Time - given enough you'll forget the pain

Tillerman said...

Thanks JP. But I was hoping that someone might know a short cut or a magic trick!

Sam Chapin said...

Move to one of smaller sails. If you old guys keep turning over-- of course you get tired and do it some more.

The Keepers of the Vang said...

HTFU

Doc Häagen-Dazs said...

Well, you can't quit sailing. But you might have to quit Lasering, as a way to avoid dying under yours (see motto on the top of your pages). My advice is to trade your hull in for a Laser of the 21st Century. I think you have earned it, Skip! And "Reset Button" would make for a GR8 name! If you don't take it, maybe I will.

O Docker said...

Beer - given enough, you'll forget the pain.

Tillerman said...

Sam- you have a good point.

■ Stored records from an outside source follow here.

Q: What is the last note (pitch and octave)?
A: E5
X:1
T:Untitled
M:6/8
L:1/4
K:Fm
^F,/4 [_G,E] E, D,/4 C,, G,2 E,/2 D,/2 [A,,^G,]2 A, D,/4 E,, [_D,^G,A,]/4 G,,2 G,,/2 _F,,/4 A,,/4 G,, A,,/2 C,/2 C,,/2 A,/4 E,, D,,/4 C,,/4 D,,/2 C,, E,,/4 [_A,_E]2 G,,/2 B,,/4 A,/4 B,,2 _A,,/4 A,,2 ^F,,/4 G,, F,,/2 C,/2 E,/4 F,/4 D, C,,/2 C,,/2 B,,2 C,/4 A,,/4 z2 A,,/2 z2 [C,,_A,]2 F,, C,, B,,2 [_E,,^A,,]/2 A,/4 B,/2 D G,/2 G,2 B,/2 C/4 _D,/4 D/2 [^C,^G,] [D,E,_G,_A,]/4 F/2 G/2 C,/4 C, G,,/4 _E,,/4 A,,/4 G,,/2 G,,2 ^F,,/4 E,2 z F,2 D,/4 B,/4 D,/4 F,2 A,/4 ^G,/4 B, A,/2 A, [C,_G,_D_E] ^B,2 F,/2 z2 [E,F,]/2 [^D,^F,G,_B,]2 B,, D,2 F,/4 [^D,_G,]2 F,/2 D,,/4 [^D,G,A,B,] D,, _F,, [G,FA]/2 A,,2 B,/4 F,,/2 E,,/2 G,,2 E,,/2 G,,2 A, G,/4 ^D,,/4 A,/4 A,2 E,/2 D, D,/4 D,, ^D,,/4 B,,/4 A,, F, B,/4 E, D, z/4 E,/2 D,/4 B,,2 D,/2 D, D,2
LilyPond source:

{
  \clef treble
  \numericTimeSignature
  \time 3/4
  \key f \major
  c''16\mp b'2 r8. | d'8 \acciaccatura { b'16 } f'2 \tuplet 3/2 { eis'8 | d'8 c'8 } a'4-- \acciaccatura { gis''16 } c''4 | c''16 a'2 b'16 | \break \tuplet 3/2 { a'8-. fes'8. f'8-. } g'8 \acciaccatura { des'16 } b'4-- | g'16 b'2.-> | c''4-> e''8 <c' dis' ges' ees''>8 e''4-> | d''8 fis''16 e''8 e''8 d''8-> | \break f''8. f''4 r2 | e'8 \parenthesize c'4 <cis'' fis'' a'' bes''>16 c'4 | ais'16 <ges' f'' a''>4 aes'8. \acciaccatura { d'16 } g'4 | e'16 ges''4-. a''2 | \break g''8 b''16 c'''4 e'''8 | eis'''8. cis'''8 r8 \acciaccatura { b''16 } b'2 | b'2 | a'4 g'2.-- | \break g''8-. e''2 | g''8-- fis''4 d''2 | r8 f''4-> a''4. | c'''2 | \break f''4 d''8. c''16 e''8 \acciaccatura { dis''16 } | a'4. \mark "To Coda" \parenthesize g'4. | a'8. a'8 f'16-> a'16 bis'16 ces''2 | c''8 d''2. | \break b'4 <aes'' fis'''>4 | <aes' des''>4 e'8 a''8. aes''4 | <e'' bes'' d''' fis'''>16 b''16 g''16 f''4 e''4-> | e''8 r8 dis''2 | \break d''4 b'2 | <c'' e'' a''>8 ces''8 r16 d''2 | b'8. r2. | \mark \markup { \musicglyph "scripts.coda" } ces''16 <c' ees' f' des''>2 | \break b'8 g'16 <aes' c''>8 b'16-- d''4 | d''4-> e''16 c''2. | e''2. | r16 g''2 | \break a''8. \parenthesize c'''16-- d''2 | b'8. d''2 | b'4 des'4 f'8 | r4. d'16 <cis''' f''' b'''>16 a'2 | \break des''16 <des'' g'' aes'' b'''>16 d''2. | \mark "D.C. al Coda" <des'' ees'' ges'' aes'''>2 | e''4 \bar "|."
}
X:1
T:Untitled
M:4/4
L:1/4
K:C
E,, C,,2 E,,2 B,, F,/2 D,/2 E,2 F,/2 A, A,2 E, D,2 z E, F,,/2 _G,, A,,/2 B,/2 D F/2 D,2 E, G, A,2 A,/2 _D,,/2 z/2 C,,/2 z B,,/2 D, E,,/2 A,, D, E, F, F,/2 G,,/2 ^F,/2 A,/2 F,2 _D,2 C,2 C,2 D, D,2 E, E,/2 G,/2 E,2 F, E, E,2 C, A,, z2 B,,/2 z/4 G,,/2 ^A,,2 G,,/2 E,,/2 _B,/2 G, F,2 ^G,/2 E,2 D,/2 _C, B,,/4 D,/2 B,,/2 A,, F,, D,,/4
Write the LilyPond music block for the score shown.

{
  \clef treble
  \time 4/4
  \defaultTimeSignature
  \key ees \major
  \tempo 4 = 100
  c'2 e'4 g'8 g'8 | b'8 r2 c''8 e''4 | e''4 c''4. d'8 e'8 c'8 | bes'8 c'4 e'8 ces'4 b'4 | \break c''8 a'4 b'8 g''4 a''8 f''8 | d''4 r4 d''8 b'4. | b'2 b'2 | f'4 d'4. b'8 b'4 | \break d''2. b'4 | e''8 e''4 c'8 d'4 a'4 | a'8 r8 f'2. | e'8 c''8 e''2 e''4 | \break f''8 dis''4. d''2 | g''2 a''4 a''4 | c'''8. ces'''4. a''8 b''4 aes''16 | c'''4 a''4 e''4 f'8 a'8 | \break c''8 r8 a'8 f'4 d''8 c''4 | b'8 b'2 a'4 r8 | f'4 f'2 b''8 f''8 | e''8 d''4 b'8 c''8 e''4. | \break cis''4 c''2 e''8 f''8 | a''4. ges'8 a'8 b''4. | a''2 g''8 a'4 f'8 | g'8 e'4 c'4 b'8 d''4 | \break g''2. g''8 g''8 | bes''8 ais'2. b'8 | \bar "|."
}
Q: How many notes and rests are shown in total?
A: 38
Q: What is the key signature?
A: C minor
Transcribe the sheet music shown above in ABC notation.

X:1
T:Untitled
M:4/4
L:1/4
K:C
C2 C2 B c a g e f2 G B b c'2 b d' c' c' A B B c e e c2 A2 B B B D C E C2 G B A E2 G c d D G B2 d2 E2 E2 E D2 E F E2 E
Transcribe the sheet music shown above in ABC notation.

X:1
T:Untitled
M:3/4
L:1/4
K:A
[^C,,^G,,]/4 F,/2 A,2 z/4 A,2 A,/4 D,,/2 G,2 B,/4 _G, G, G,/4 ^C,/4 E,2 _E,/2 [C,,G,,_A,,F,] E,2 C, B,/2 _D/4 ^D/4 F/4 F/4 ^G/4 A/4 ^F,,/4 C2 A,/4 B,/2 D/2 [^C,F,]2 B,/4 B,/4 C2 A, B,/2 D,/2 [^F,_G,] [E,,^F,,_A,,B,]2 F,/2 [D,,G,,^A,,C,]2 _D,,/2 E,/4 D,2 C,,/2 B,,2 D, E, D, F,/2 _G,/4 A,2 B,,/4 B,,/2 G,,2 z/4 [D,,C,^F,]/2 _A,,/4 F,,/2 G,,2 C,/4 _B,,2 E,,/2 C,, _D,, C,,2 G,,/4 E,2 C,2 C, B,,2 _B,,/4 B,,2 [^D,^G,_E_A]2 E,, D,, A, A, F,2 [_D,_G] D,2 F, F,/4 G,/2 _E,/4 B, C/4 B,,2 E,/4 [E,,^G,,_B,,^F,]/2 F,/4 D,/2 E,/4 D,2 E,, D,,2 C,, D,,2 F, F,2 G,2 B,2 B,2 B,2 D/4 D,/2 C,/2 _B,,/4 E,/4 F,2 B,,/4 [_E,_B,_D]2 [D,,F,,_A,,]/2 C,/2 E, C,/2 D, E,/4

But surely 63 is way too young to be using old guy sails?

KotV - probably right, but isn't there an easier way?

Doc - you will have to pry my Laser mainsheet from my cold dead hands.

O Docker - I tried that but it's hard to drink beer when sailing a Laser in 25 knots. Isn't there some magic solution that doesn't involve alcohol or drugs?

Mrs. P said...

After a surgery, I went to rehab to regain full range of motion. I was told that my cells have a memory and they know that this motion caused pain before so they now shorten the motion to just before the point where the previous pain started. The cells don’t know I had surgery and full motion is now possible. So we repeat the same motion over and over until I convince the cells that the motion that caused pain no longer causes pain and eventually full range of motion is restored.

I would imagine the answer lies somewhere in that analysis but I’m not exactly sure where. I think most people shorten their range of motion and just begin to avoid windy, cold or whatever, and as a result, the thrill of sailing a Laser fades. Don’t settle for a shortened range of motion or you surely won’t cheat the nursing home.

Mr. P is 61 and just made the switch to a radial and I still think he's hot. He most definitely will die on his Laser some many years past his 90s.

O Docker said...

If this is some sort of mental block, you could spend hundreds of hours in analysis sorting out the deep psychological conflicts, fears, and insecurities that are at the root of the problem.

But beer has been shown to be quicker, cheaper, and a lot more fun.

Tillerman said...

Thanks for that insight Mrs P. I think your analogy is right on. I did discuss the pros and cons of my switching to a Radial a few months back at Random Radial Ramblings and did actually have my first sail with a Radial rig last year on a very windy day in Menorca. It could be part of the answer but I'm hoping that there are also some mental solutions to the problem. The other issue here is that I'm way out of the normal weight range for a Radial. I think Mr P. is about 20lbs lighter than me, so I don't think sailing a Laser in all conditions is right for me yet.

O Docker - beer is indeed cheap and fun. But it's not a long term solution to anything.

Tillerman said...

Hmm. That last sentence in the reply to Mrs. P. should say. " I don't think sailing a Laser RADIAL in all conditions is right for me yet."